TASK ITEM: Look through the material below and copy exactly the lines from the line with "Photo of Hoping for a Hoopoe" to the line with "CHIO Aachen World Equestrian Festival", those two lines included.

>>>>

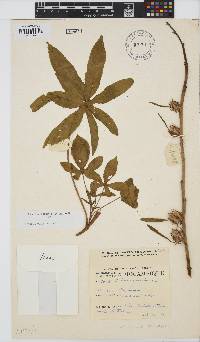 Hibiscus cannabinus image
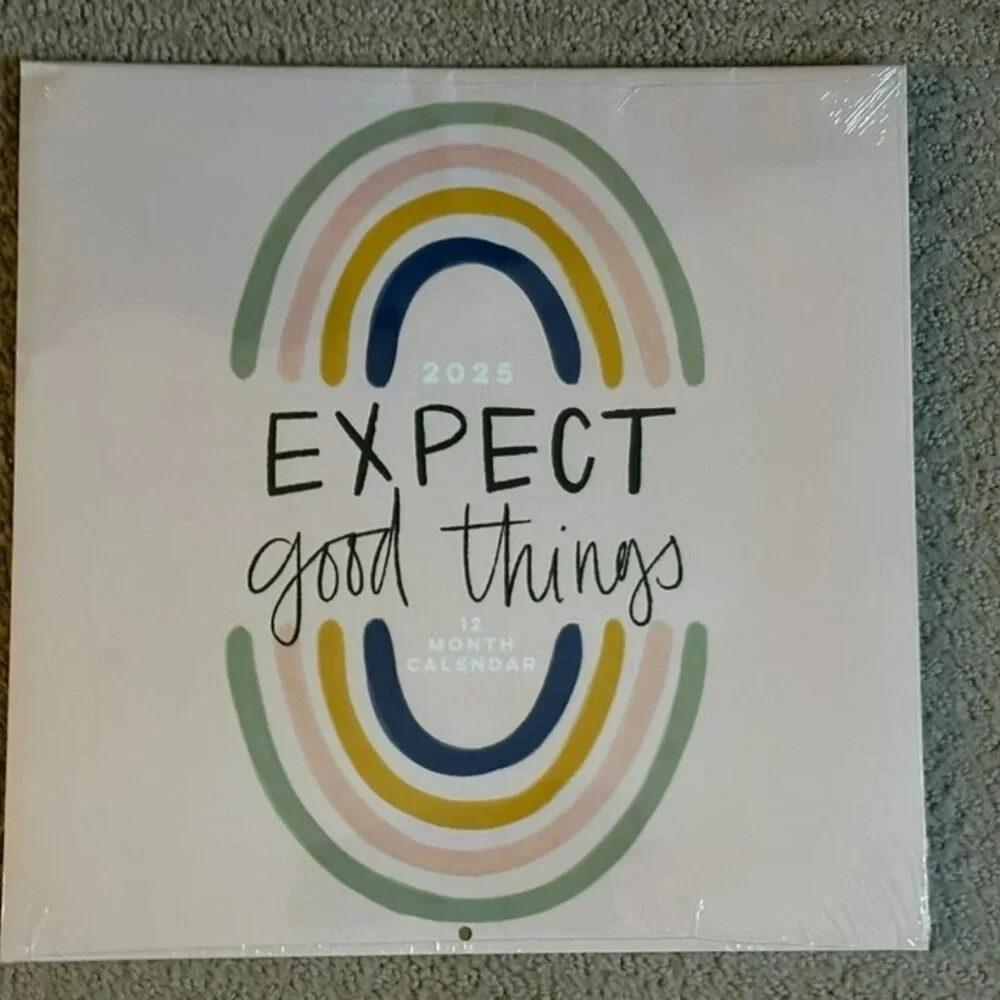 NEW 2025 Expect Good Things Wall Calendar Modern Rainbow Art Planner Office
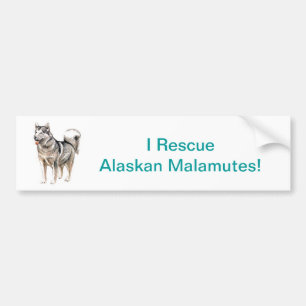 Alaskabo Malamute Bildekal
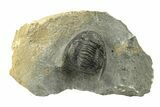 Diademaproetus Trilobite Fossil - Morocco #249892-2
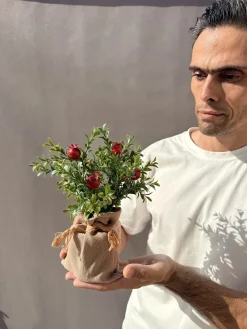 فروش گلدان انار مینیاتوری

<<<<
>>>>

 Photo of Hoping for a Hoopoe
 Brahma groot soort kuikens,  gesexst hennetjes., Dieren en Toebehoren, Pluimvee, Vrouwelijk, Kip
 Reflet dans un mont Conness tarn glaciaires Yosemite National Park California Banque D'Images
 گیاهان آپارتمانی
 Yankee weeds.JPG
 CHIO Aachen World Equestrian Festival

<<<<

SOLUTION TO THIS EXERCISE:
 Photo of Hoping for a Hoopoe
 Brahma groot soort kuikens,  gesexst hennetjes., Dieren en Toebehoren, Pluimvee, Vrouwelijk, Kip
 Reflet dans un mont Conness tarn glaciaires Yosemite National Park California Banque D'Images
 گیاهان آپارتمانی
 Yankee weeds.JPG
 CHIO Aachen World Equestrian Festival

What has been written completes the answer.